◆ Problem details: For each line of the material below, give that line again word for word.

[Dataset excerpt]

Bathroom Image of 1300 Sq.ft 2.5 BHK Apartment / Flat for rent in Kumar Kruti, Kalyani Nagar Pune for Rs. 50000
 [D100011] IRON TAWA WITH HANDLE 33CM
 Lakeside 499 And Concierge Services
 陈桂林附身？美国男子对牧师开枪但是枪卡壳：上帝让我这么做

[/Dataset excerpt]

◆ Response to the exercise:
Bathroom Image of 1300 Sq.ft 2.5 BHK Apartment / Flat for rent in Kumar Kruti, Kalyani Nagar Pune for Rs. 50000
 [D100011] IRON TAWA WITH HANDLE 33CM
 Lakeside 499 And Concierge Services
 陈桂林附身？美国男子对牧师开枪但是枪卡壳：上帝让我这么做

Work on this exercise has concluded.